PROBLEM STATEMENT –
Report the number of lines in the data below where the string "Villa" shows up, and only that number.

RAW DATA –

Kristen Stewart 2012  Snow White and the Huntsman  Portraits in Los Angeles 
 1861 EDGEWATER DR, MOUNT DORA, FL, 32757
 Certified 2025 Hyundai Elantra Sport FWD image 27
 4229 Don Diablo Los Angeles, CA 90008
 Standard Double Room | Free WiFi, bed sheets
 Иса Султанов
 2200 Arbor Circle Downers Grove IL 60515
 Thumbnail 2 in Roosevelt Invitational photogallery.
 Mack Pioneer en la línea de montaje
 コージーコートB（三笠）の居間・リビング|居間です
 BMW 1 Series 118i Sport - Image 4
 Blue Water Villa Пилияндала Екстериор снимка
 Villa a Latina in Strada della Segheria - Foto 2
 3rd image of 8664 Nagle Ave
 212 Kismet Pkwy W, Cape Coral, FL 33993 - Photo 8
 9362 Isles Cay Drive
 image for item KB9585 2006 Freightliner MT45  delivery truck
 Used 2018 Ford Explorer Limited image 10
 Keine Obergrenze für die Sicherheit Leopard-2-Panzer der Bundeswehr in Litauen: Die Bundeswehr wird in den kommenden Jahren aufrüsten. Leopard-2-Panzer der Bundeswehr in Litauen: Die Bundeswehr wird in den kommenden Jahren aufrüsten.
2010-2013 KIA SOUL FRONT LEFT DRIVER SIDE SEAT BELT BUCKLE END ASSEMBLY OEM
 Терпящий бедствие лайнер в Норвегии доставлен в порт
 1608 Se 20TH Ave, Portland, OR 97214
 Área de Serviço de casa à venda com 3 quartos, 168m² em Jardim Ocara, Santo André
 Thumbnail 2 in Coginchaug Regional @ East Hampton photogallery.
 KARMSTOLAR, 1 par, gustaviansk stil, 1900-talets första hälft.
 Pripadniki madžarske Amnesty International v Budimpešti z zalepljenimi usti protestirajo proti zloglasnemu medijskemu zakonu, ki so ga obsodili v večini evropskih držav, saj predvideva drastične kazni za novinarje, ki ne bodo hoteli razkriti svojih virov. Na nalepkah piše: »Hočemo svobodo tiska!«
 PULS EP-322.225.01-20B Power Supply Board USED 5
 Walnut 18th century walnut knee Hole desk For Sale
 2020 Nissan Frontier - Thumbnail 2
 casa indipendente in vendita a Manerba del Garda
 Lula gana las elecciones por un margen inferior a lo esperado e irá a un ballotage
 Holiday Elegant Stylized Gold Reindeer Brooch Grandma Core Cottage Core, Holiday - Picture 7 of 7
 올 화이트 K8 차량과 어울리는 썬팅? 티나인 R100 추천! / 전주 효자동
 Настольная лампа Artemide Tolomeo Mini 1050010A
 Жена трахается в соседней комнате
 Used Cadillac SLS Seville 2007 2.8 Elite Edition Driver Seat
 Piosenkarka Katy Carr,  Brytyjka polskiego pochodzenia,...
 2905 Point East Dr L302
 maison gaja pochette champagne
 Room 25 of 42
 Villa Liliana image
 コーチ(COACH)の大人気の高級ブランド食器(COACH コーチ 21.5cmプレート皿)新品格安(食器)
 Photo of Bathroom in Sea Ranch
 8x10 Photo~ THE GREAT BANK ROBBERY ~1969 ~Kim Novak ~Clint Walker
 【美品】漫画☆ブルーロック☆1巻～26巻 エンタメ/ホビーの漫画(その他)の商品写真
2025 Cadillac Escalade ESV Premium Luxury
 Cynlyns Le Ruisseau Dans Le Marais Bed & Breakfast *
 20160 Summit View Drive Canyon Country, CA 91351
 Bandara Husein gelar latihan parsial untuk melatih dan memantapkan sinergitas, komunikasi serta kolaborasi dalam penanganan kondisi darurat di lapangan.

EXERCISE RESPONSE –
3